No. Exclusively breastfed or formula-fed babies under 6 months should not receive water. Breast milk is 88% water and provides adequate hydration even in Indian summers. Extra water in newborns can cause a dangerous condition called hyponatremia (low sodium in the blood). This is one of those traditions to firmly decline.

Q: When should the first pediatrician visit happen after hospital discharge?

Within 2–5 days of discharge for most newborns, or as directed by your hospital. The key things checked at this visit: weight, jaundice, feeding, cord stump, and any concerns from the hospital stay. Do not skip this visit even if “the baby looks fine.”

Q: My mother-in-law wants to give the baby ghee or honey in the first days. Is that okay?

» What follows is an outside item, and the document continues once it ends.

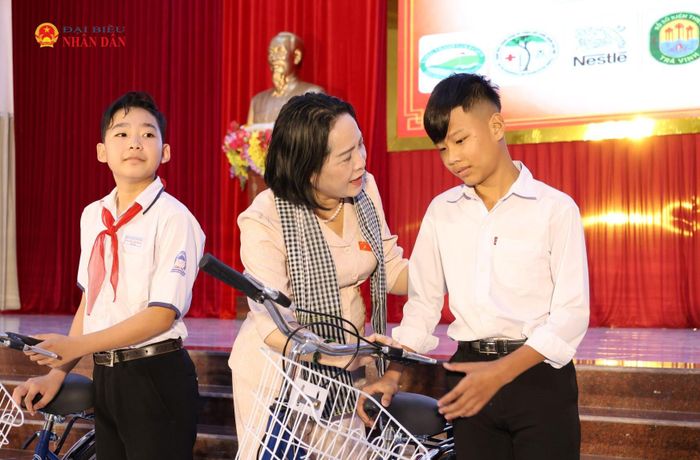 Phó Chủ tịch Quốc hội Nguyễn Thị Thanh trao tặng xe đạp cho các em học sinh khó khăn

Honey is a firm no before 12 months — it can contain Clostridium botulinum spores that a newborn’s gut cannot protect against, causing infant botulism, which can be fatal. Ghee in the first days before feeding is established has no benefit and may interfere with the baby’s desire to breastfeed. Both can wait.

Q: How do I know if my baby is too hot or too cold?

Feel the back of the neck or the chest — these are better indicators than hands or feet, which are often cool in newborns. The chest and neck should feel warm and comfortable, not sweaty or cold. A useful rule: dress your newborn in one more layer than you are wearing comfortably. In Indian winters, that means warm inner layer plus a blanket when stationary. Overheating is an independent risk factor for SIDS.

Q: When do newborns start to smile?

A real, social smile — in response to your face — typically appears around 6–8 weeks. Before that, you may see reflex smiles during sleep, but the first real “I see you and I’m happy” smile is one of the most rewarding moments of the fourth trimester. It signals that the social brain is coming online.


This guide is reviewed by Babynama Pediatricians. It is not a substitute for direct medical advice from your child’s doctor. If you have concerns about your newborn’s health, consult a pediatrician promptly.

Real Questions from Indian Mothers

These are real questions asked by parents in the Babynama community, answered by our pediatricians.

“My baby is 1.5 months old and since when he has got his vaccination he is kinda reckless, doesn’t relax like before vaccination. Mostly cranky and crying. He had colic issue 3-4 days but now he is better but still cranky. What could be the reason?”

This can happen post vaccination. Apply ice pack wrapped in cloth at vaccination site. Distract the baby. If fever occurs or pain doesn’t improve on ice pack, you can give paracetamol also

“Baby does not cry much because of colic but the amount of gas that comes out has increased, that’s why wanted to know if it is because of the formula or anything else”

Okay! Try Burping the baby well. Give tummy massage. Do cyclic moments of legs. Give tummy time. If not resolved, then we will plan regarding formula milk if symptoms doesn’t improve

“Good evening docs, baby have been started on solids approx 3 weeks.. initially, it was good.. since 2 days his stool is very hard.. He’s being given fruit purees and dal chawal with veggies.. what am I doing wrong?”

Constipation is very common after starting solids in babies. You can give ripe papaya, pears, peaches. Give water after every meal. Give fibre rich diet. Tummy massage and cycling daily.